◆ ABOUT THIS EXERCISE ◆
Retype, with no pictures, each line from the one that holds "穆零Mu0 就爱穆零Mu0的" through the last line of the entries below, both included.

==================================================

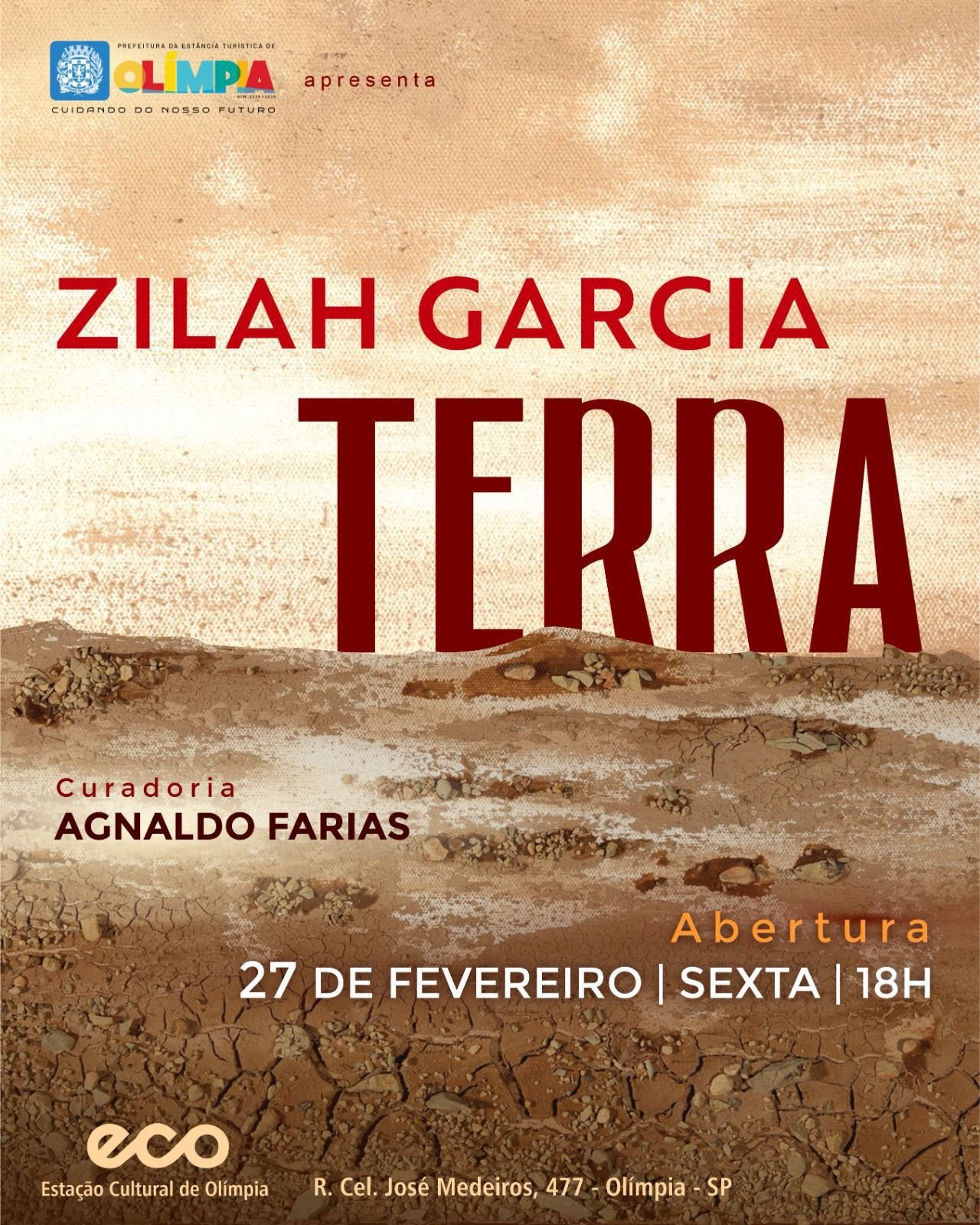 Zilah Garcia: a artista que transforma o sertão em arte e memória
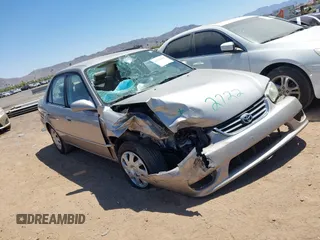 2002 Toyota Corolla CE с VIN 2T1BR12E82C563349, выставлен на аукционе IAAI как лот 42332003 с пробегом 160 390 миль миль и . История ставок и продаж доступна на DreamBid. Изображение 1.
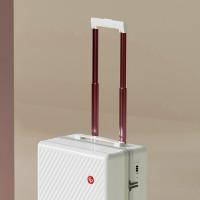 费雪（Fisher-Price） FP-LX002 奈斯旅行箱 20英寸 简约时尚 （单位:个） 月牙白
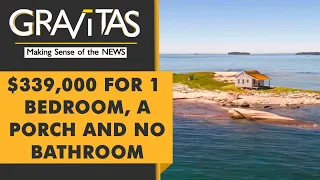 Gravitas: On Sale: The World's loneliest home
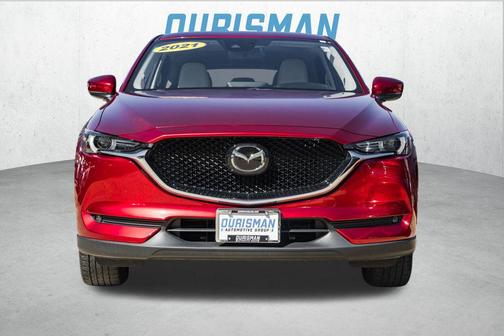 2021 Mazda CX-5 Grand Touring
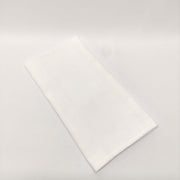 Pano de Cozinha Algodão Branco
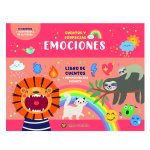Emociones (Caja con Libro+Puzle) ('Cuentos y sorpresas')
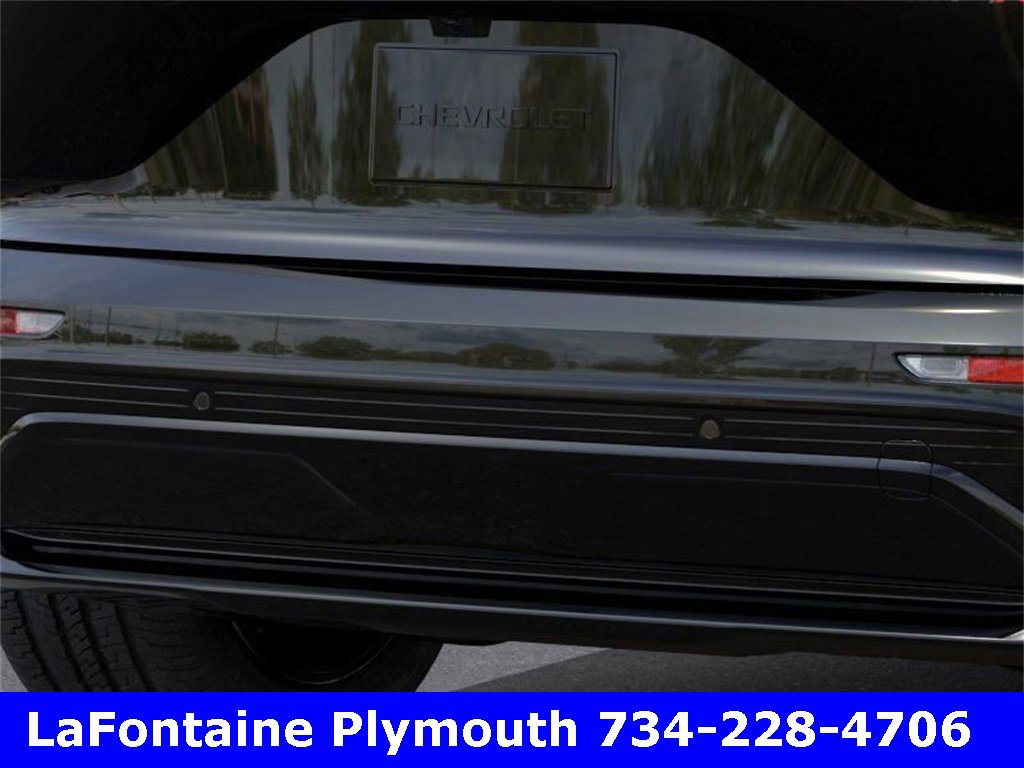 New 2025 Chevrolet Blazer EV RS image 14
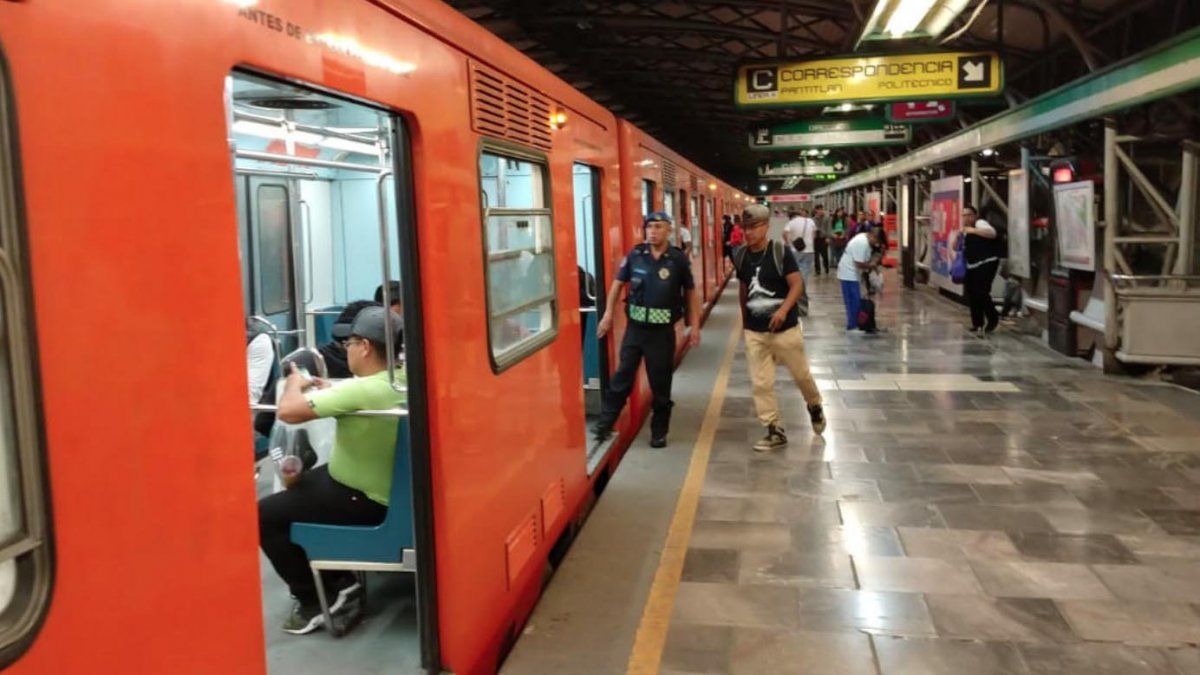 Navidad Y Año Nuevo Horarios Del Transporte Público En Cdmx 7515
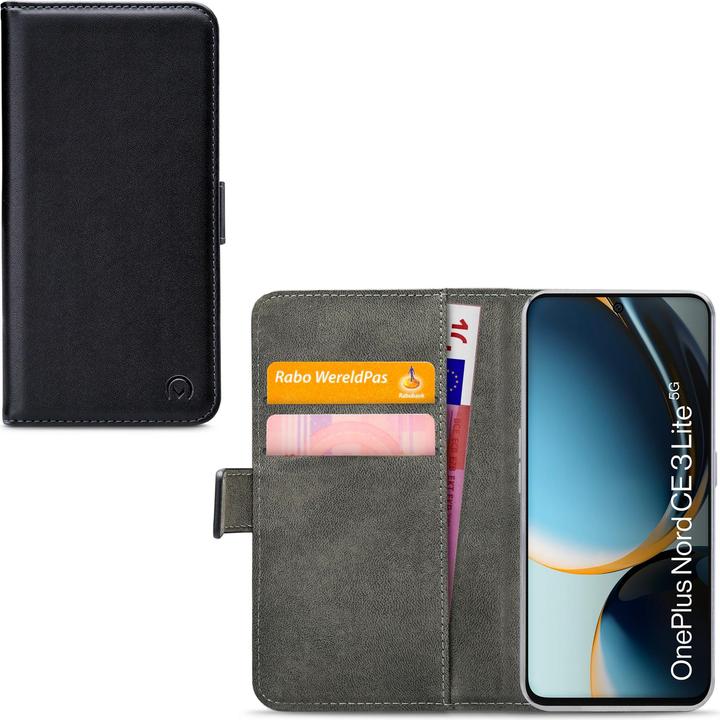 Image du produit Mobilize Porte-monnaie classique Gelly (OnePlus Nord CE 3 Lite)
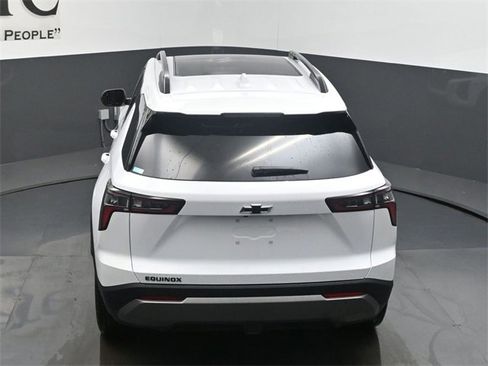 New 2026 Chevrolet Equinox LT w/ Midnight Edition image 35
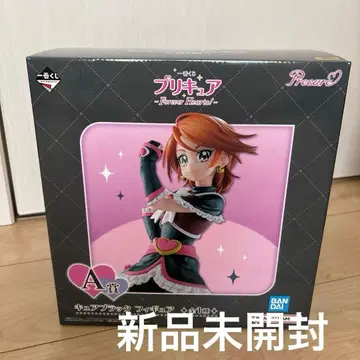 [미개봉 새상품] 프리큐어 큐어 블랙 A상 피규어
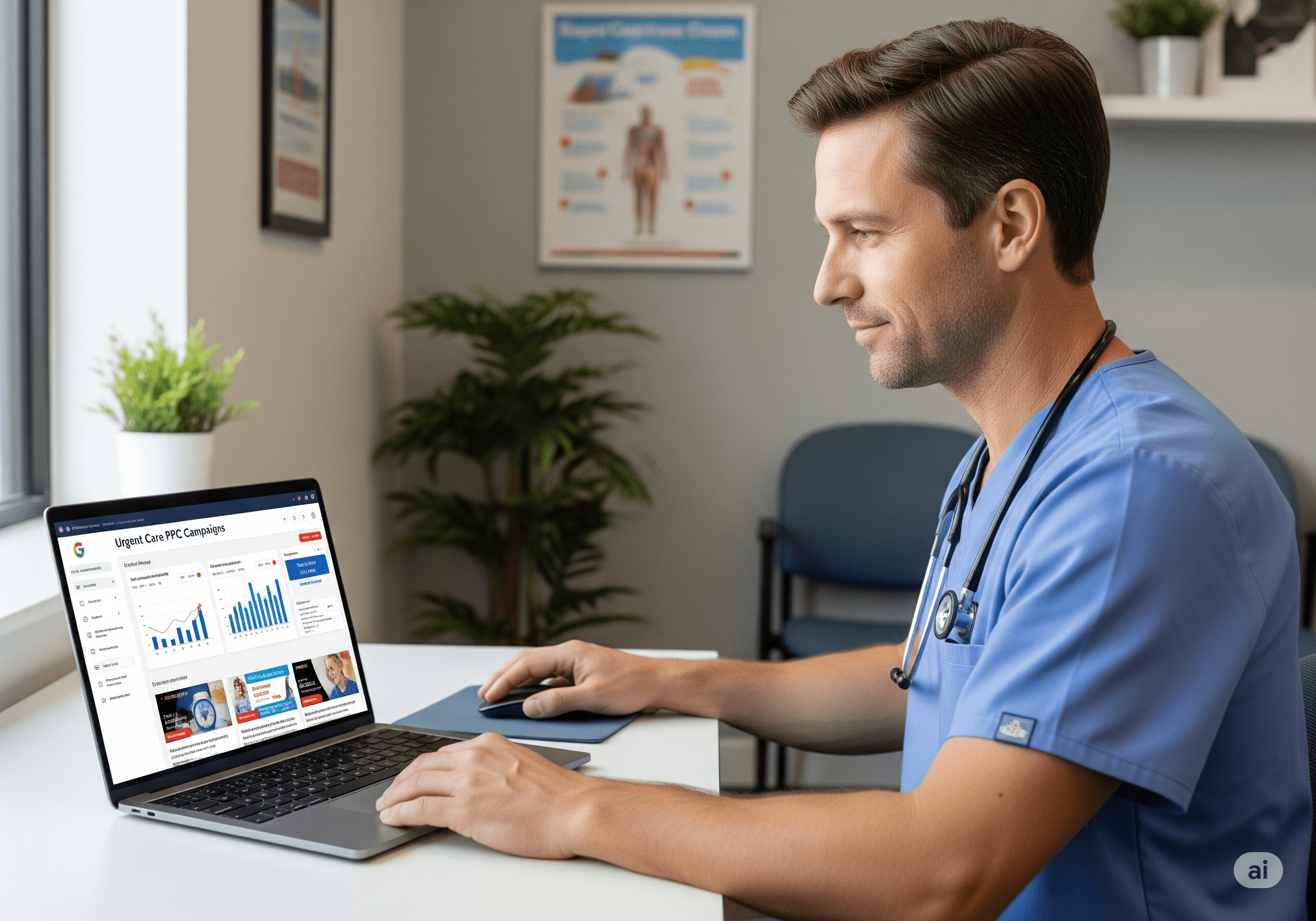 Urgent Care PPC Campaigns-min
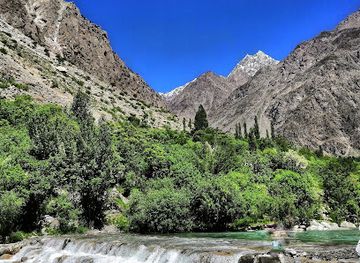 pakistan/chitral/attraction/shahi-masjid-chitral
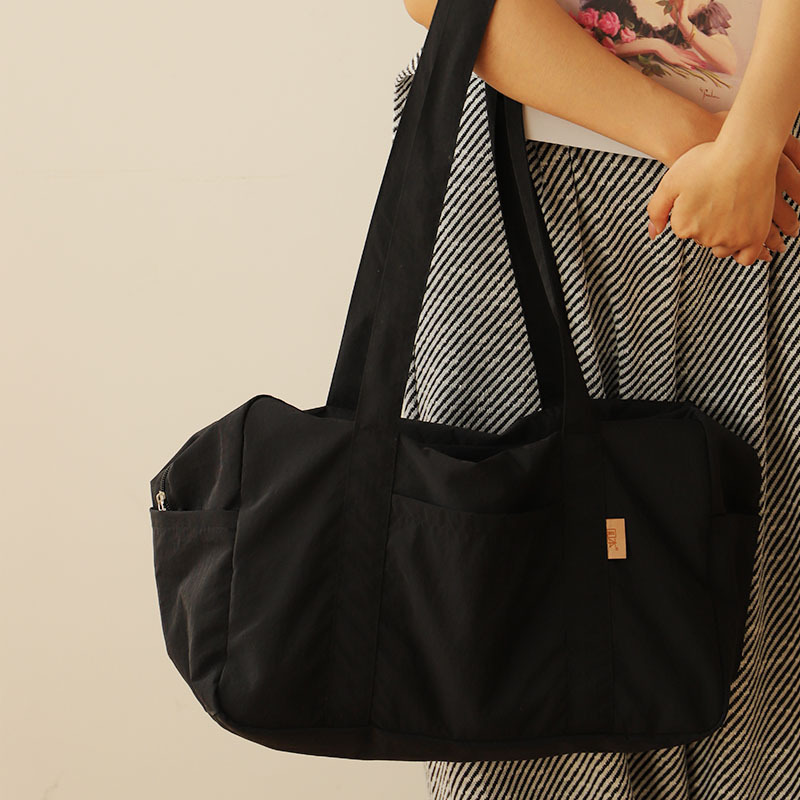 尼龍防水大容量旅行手提包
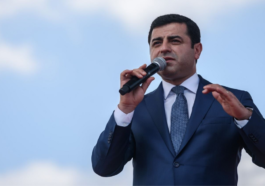 Selahattin Demirtaş: Başak Demirtaş’ı da DEM Parti’yi de anlamıyorlar
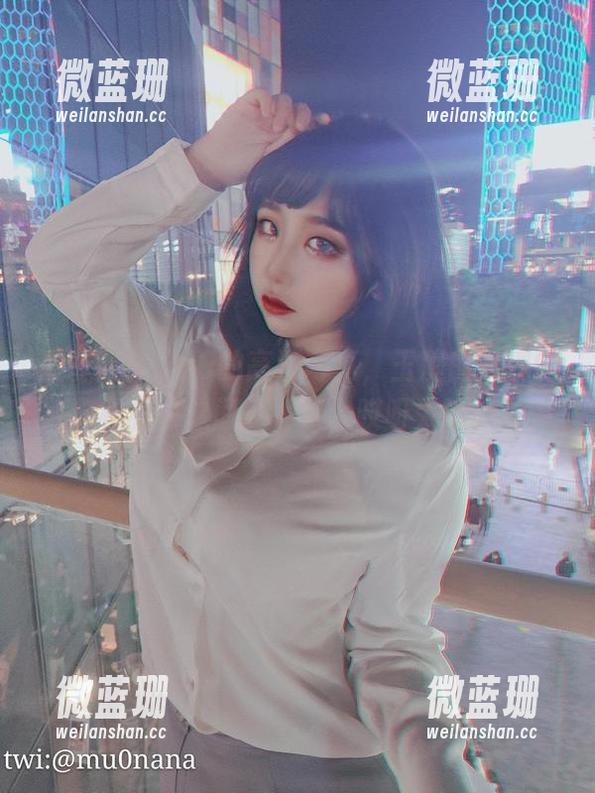 穆零Mu0 就爱穆零Mu0的高清写真,玉藻前展现的那份和雅致之间的平衡,哎呀太迷人了。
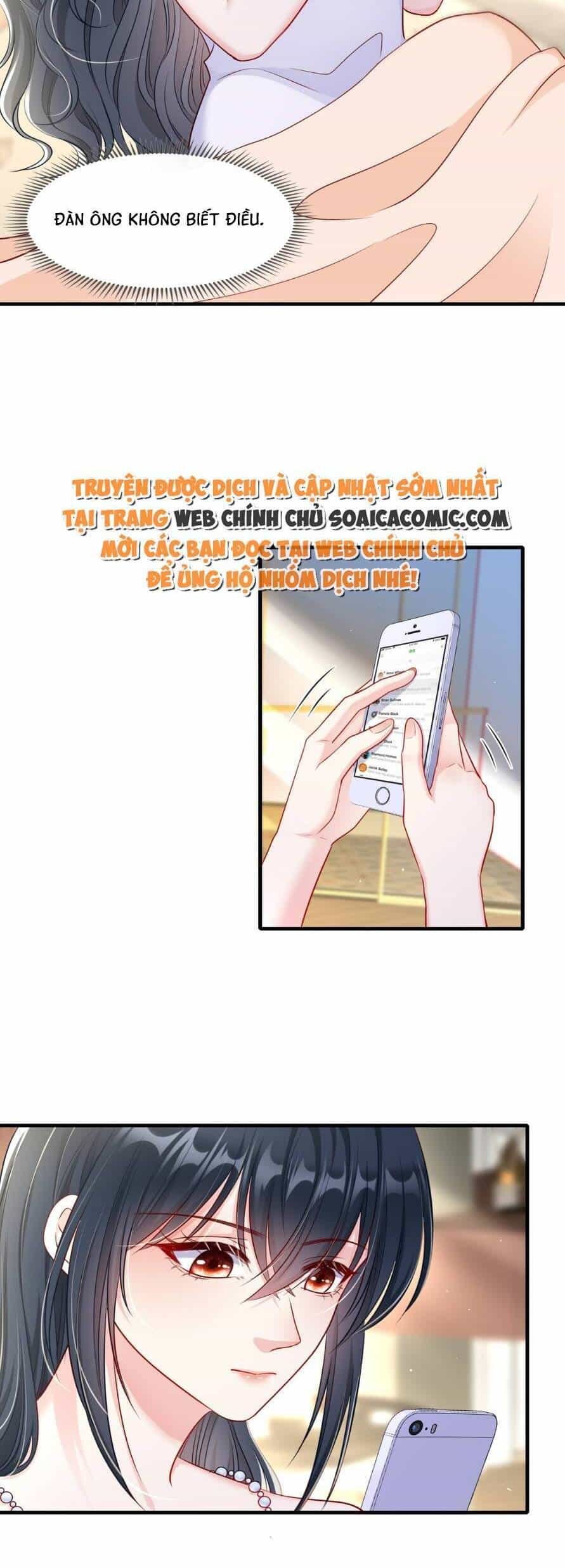 Cô Vợ Thế Thân Của Tổng Tài - Chương 14 - ảnh 4
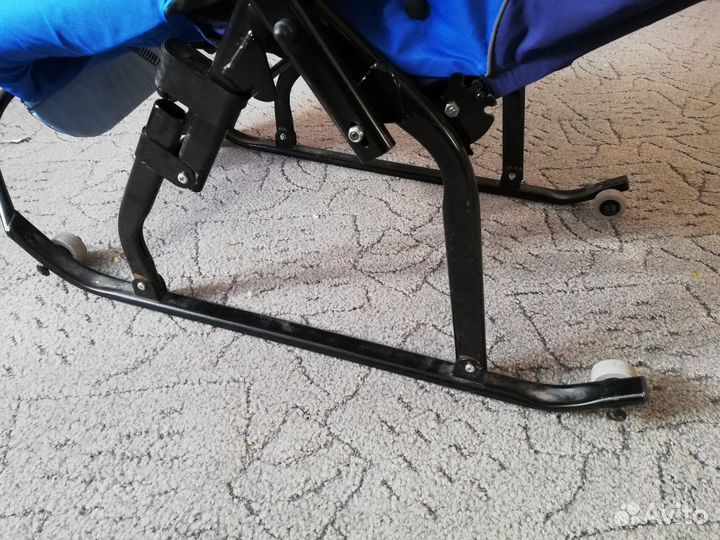 Санки Скользяшки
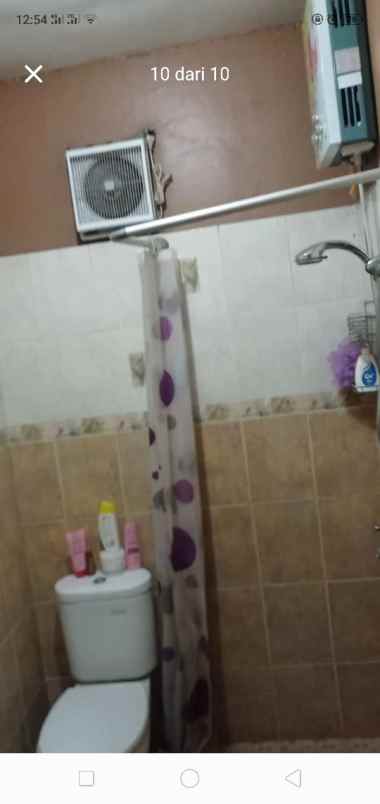 rumah cantik dan asri sangat strategis padasuka indah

==================================================

◆ EXPECTED OUTPUT ◆
 穆零Mu0 就爱穆零Mu0的高清写真,玉藻前展现的那份和雅致之间的平衡,哎呀太迷人了。
 Cô Vợ Thế Thân Của Tổng Tài - Chương 14 - ảnh 4
 Санки Скользяшки
 rumah cantik dan asri sangat strategis padasuka indah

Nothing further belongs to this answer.